• EXERCISE DIRECTIONS: Reproduce only this range: the line holding "Fechadura 1005 Preto" through the last line of the data below, both included, exactly, with no pictures.

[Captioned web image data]
************
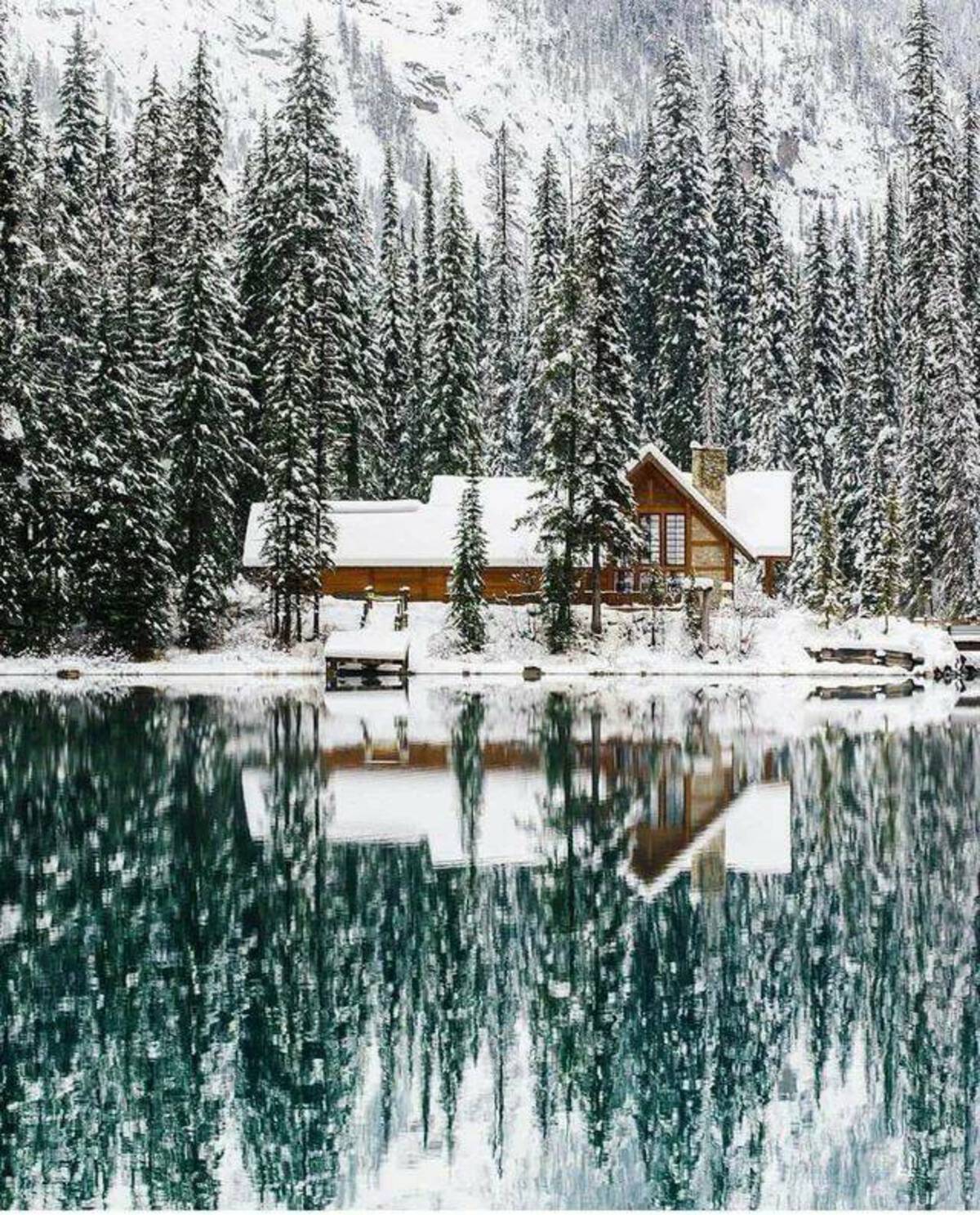 winter cabin in canada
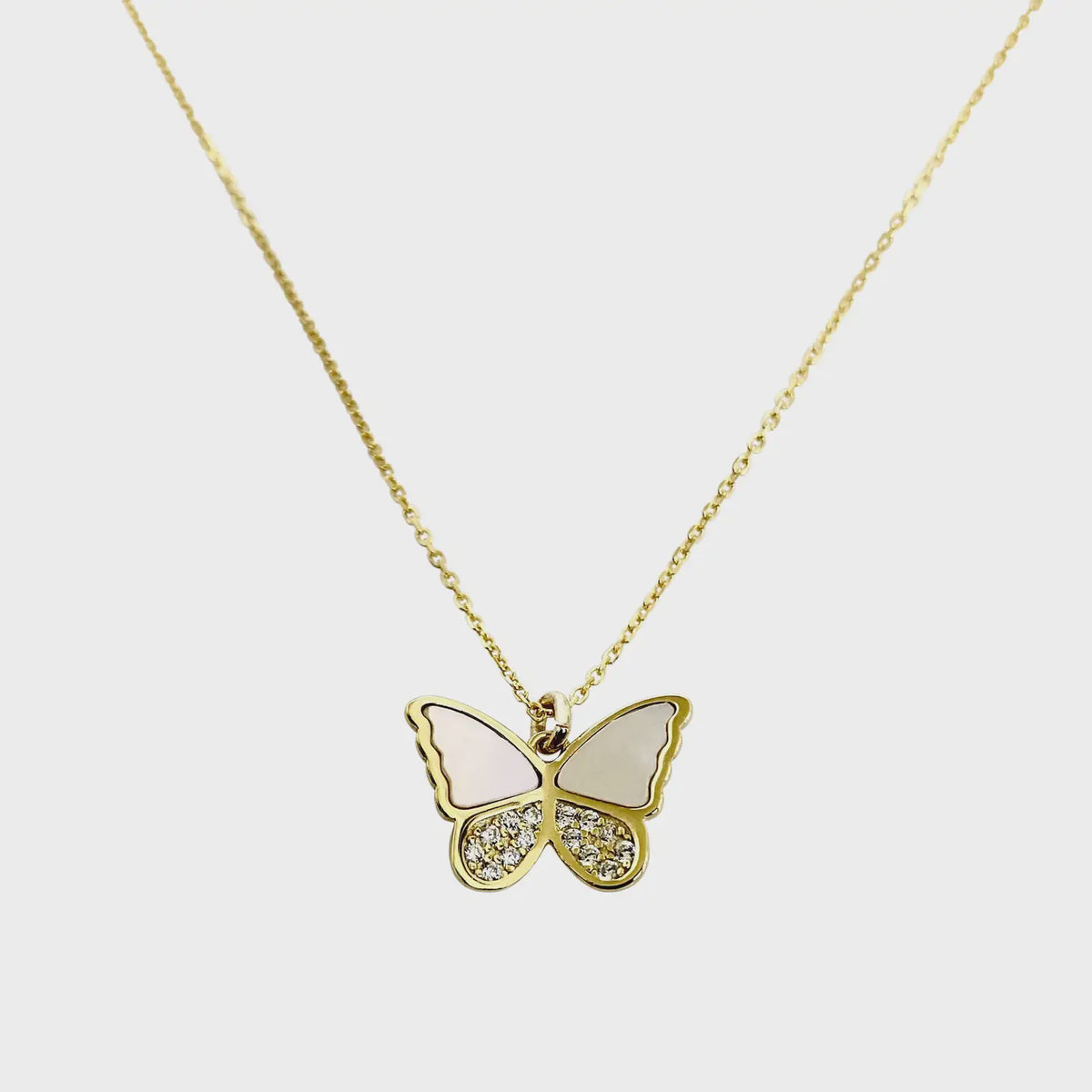 Mother of Pearl Butterfly Necklace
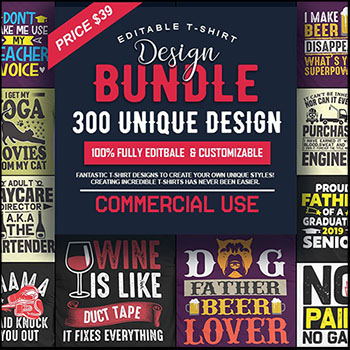 300种可编辑的T恤设计图案插图矢量模型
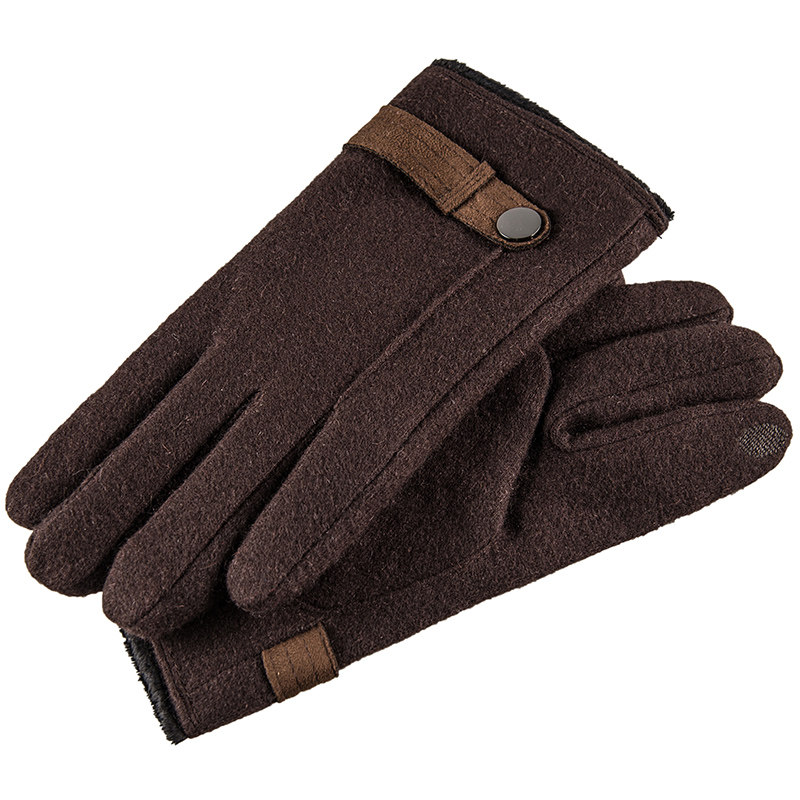 HENGYUANXIANG AUTUMN AND WINTER VELVET THICKENED MALE TOUCH SCREEN GLOVES KOREAN VERSION OF OUTDOOR CYCLING WARM STUDENT WOOL GLOVES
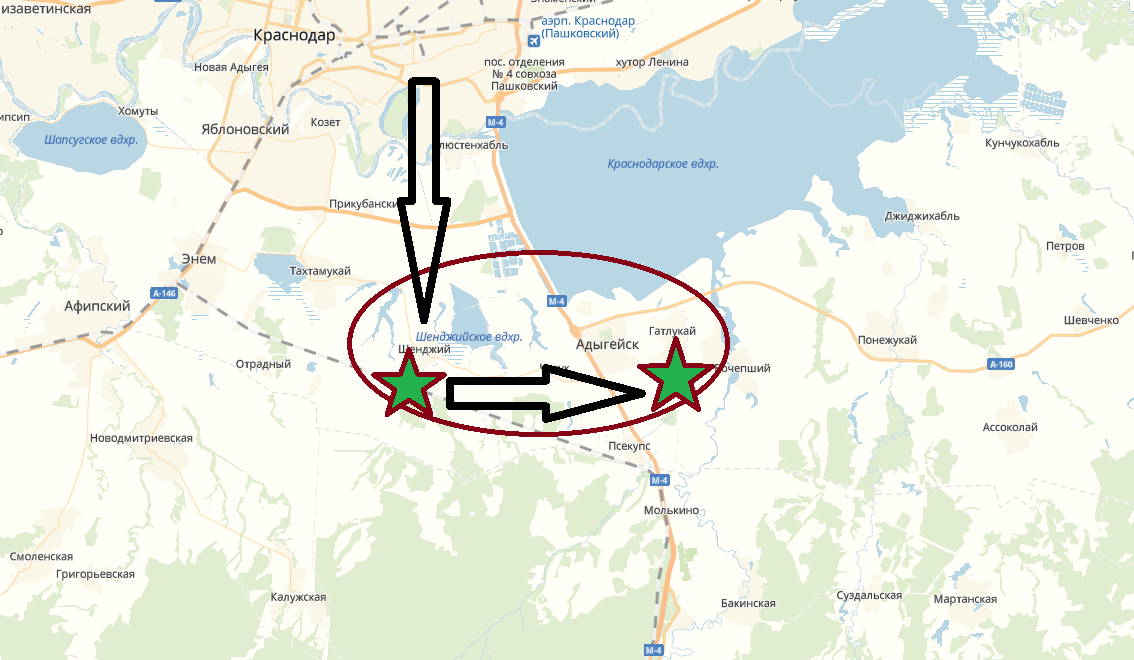 район  и примерные места 2-х  фаз битвы  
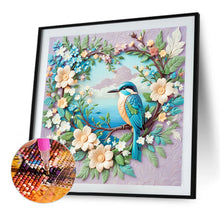 Load image into Gallery viewer, Love Wreath Blue Tit 40*40CM Full AB Round Drill Diamond Painting Drill Diamond Painting
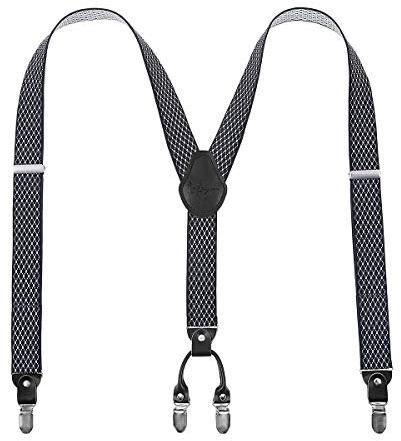 Lafayon Bretelle Uomo 4 Clips Y-Back Larghezza 3,5 cm Elastiche Regolabili e Robuste con Clips Resistenti in Metallo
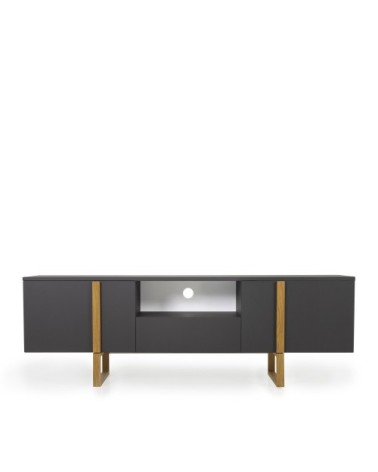 Meuble TV en bois 2 portes 1 tiroir L177cm gris foncé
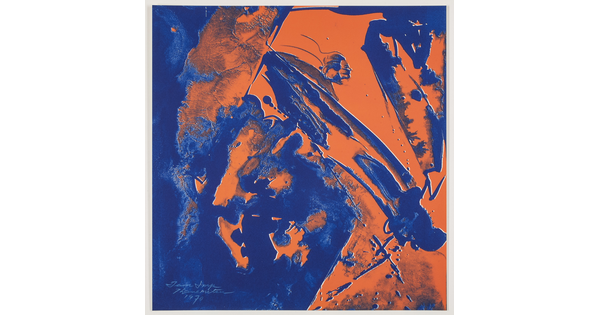 An abstract color print of orange and blue organic shapes and splatters with the subtle profile of a woman's head in the top center.
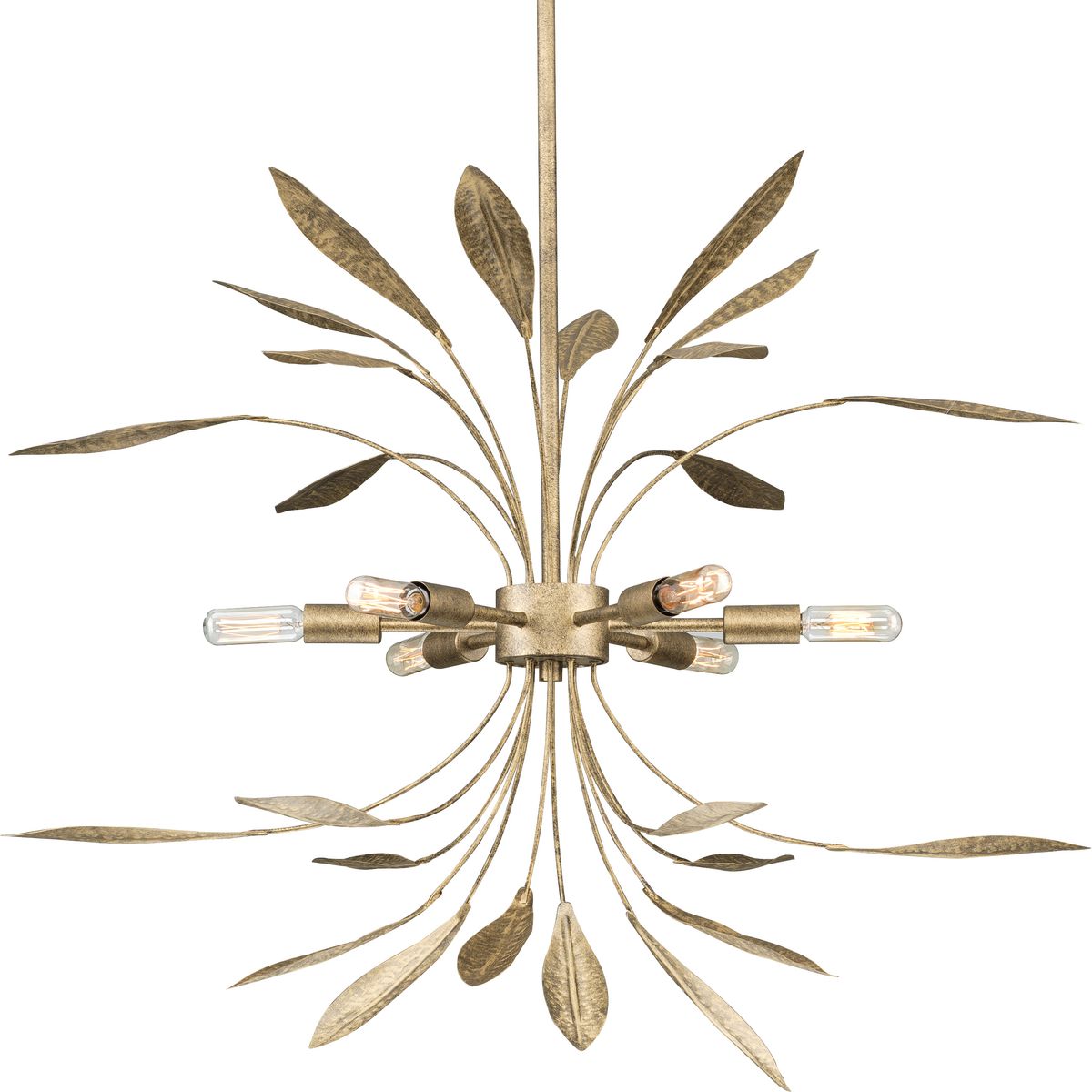 Mariposa Collection Six-Light Antique Gold Hanging Pendant Light - Dry Location Listed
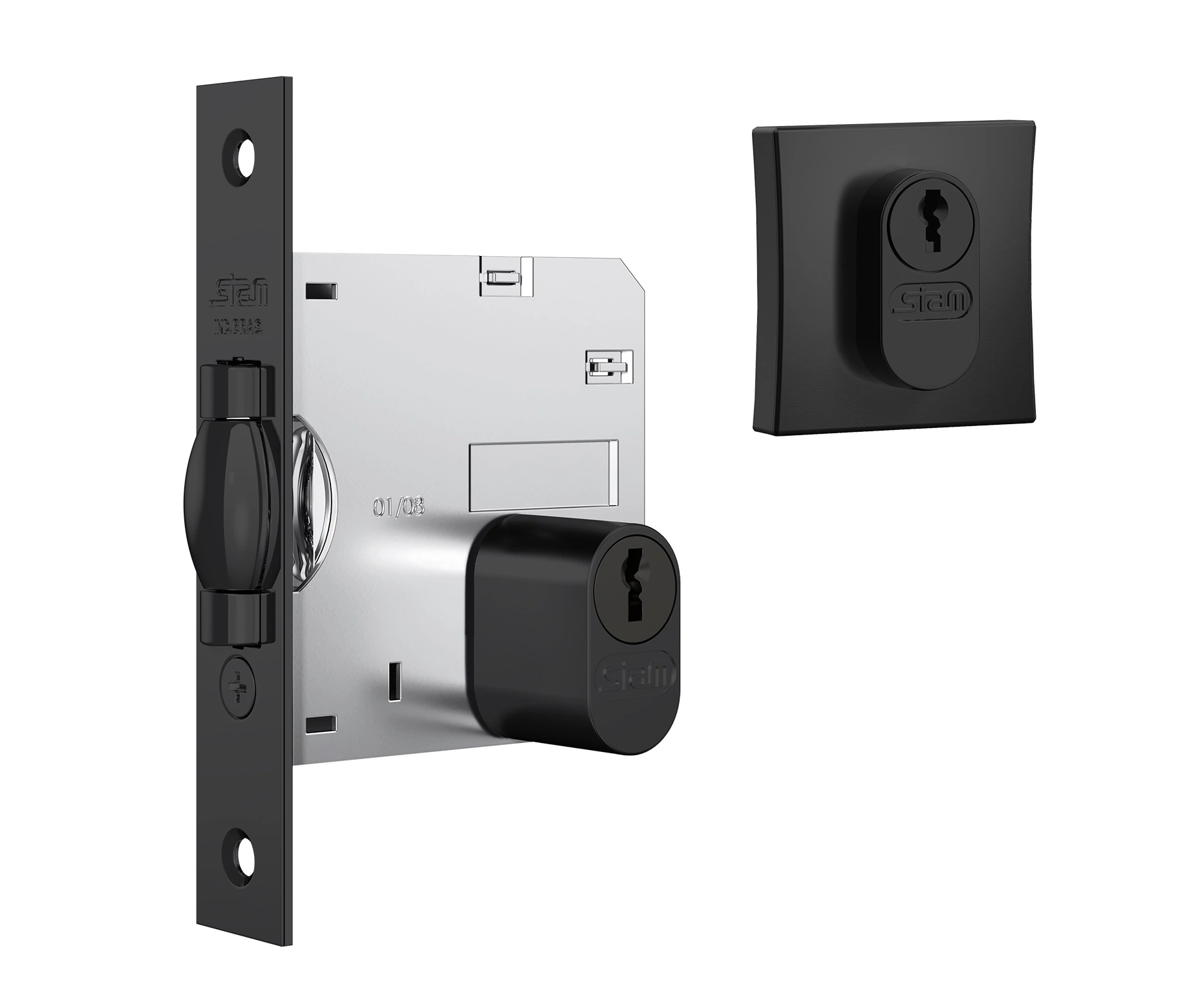 Fechadura 1005 Preto Com Cilindro Oval E Roseta Quadrada Stam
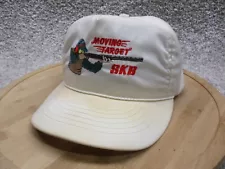 Vintage SKB Arms Shotgun Trucker Hat Rope White Distressed Cap "MOVING TARGET"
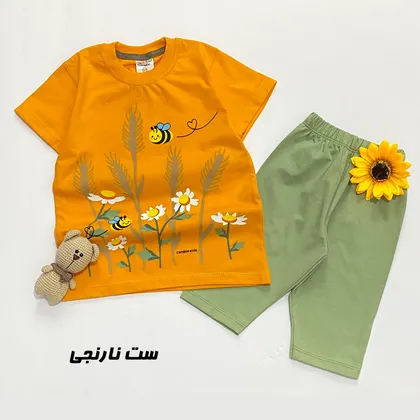 تیشرت شلوارک مدل گل و زنبور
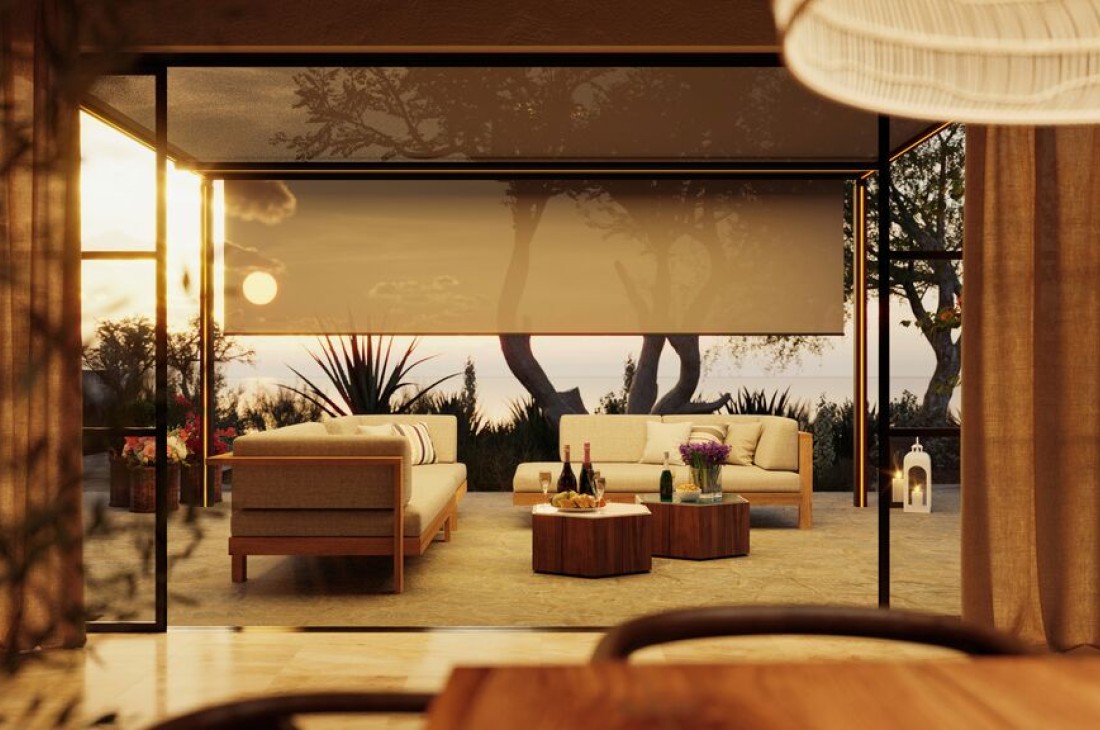 B128P horizontal sun shade - under-canopy view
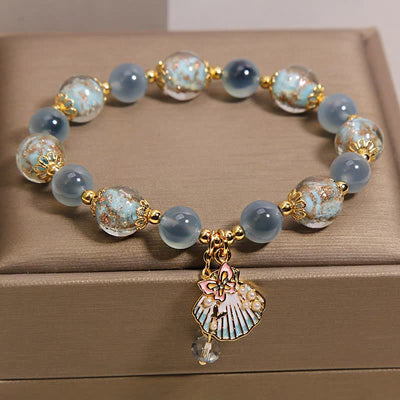 Buddha Stones Candy Agate Liuli Glass Bead Love Shell Butterfly Charm Bracelet - image 1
************
• OUTPUT OF THE TASK:
 Fechadura 1005 Preto Com Cilindro Oval E Roseta Quadrada Stam
 Vintage SKB Arms Shotgun Trucker Hat Rope White Distressed Cap "MOVING TARGET"
 تیشرت شلوارک مدل گل و زنبور
 B128P horizontal sun shade - under-canopy view
 Buddha Stones Candy Agate Liuli Glass Bead Love Shell Butterfly Charm Bracelet - image 1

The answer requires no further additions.